An “enriched environment” produces rapid growth in brain structure and intelligence. “Super-enriched” environments produce even greater and more rapid brain growth. It seems that with increasing levels of environmental enrichment—that is, with increasing levels of complexity, stimulation, challenge, and novelty—the brain responds with greater growth. Surely there must be a ceiling on this enriched environment effect, but no one has discovered it yet.

How smart can be brain get? We probably can’t answer that question until we discover the supreme stimulation, the absolute and optimally enriched environment—which, since every human brain is unique, will be different for each individual. I’ll let you be in my enriched environment if I can be in yours. . . .
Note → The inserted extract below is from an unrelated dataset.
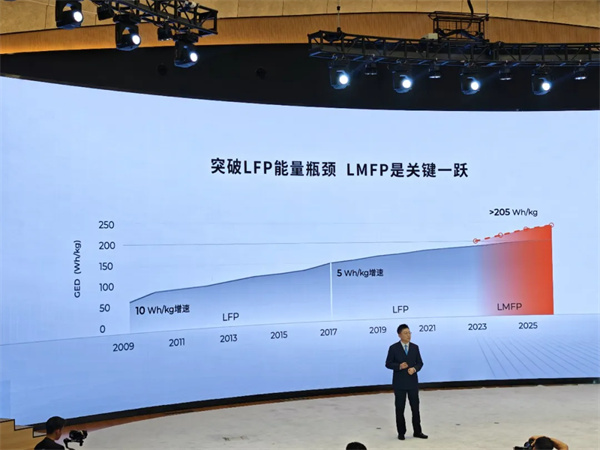在這一賽道，國軒高科下起“錳藥”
Nautilus Machines for the Brain

In the meantime, many researchers and clinicians now believe that mind machines can create a sort of instant super-enriched environment, a brain gymnasium, providing the brain with megadoses of stimulation, novelty, exercise, and challenge. And in doing so, they believe, the mind machines can stimulate rapid, healthy growth in the brain and in its powers.
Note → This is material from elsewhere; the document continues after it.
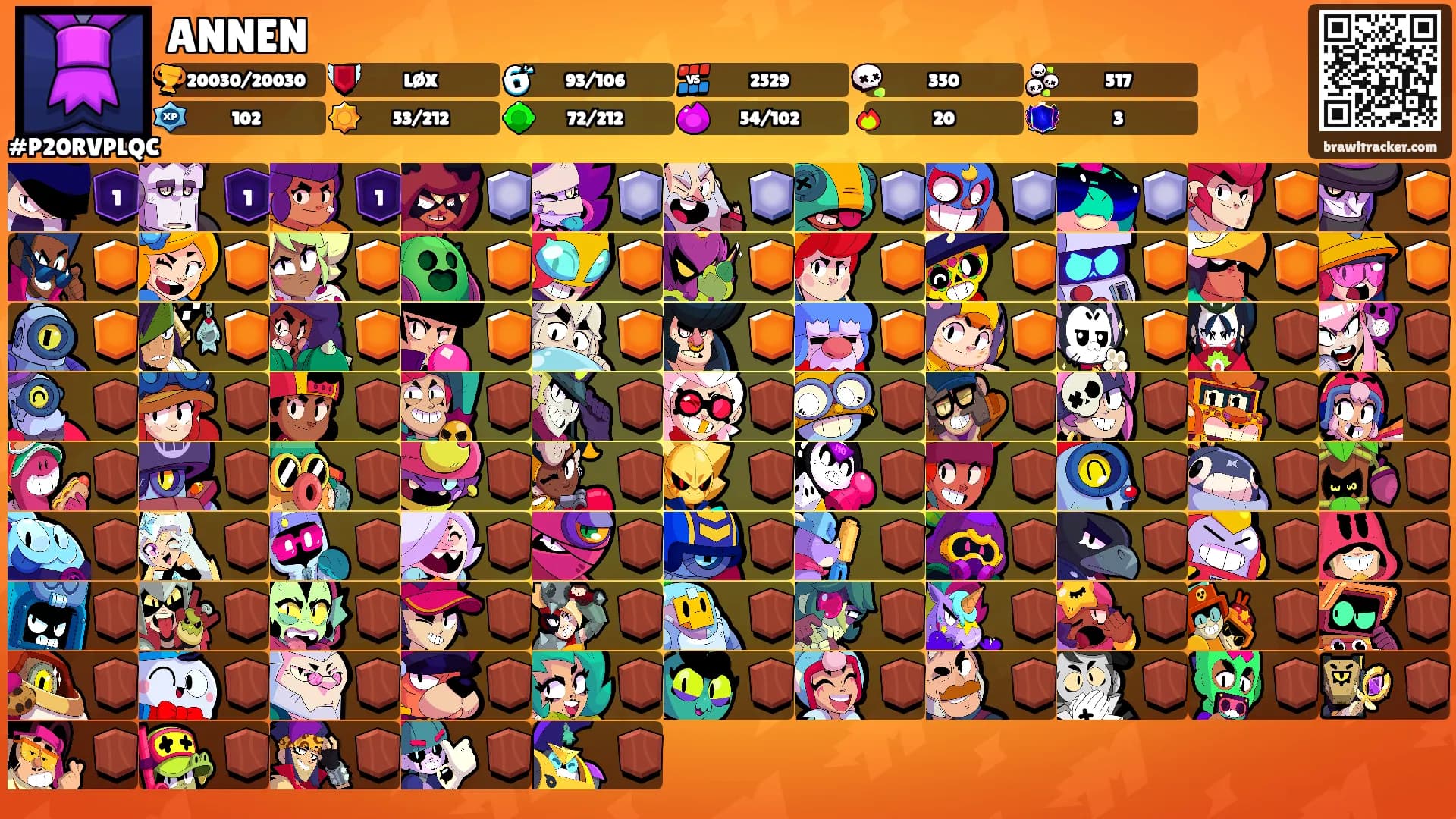 ANNEN's Ranks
Over the last twenty years there has been an extraordinary growth in our awareness of the benefits of physical fitness. In these fitness-conscious’ 90s, it’s hard to recall those days when joggers were rare; when people who wanted to eat healthful food were scorned as “health nuts”; when anyone who lifted weights was a “muscle-bound” narcissist; when Nautilus machines, Stairmasters, Ski-Traks, and the concept of aerobics classes had not even been invented.

Today there’s widespread awareness that physical exercise is not some craze, or only for jocks or narcissists, but has benefits for everyone—benefits that include not just better health but a more productive, creative, happy, and fulfilling life. So the concept of brain fitness is one that makes sense to increasing numbers of people. Today, increasing numbers of people are aware that the brain, like the body, requires exercise, challenge, and stimulation to remain healthy; and that, just as exercise of the body can lead to muscle growth and increased vitality, optimal levels of mental exercise and stimulation can lead to greater mental powers. One sign of this is the proliferation of brain gyms and mind spas throughout the world. Another is the explosive growth in sales of mind machines for home use.

Many of us remember our first glimpse of Nautilus and Universal machines—they seemed strange and daunting. But it soon became clear that they were designed for a specific purpose—to provide the optimal challenge to stimulate muscle growth—and that they worked. Today some of the brain-stimulating devices we will explore in this book must appear as strange and daunting to many people. But they too are designed for a specific purpose—to provide optimal levels of stimulation to the brain. And there is a wealth of evidence that they work. Just what these machines are, and how they work, is what we will look at next.


For information about brain growth through enriched environments, see Enriching Heredity: The Impact of the Environment on the Anatomy of the Brain by Marian Cleeves Diamond (New York: Free Press, 1988).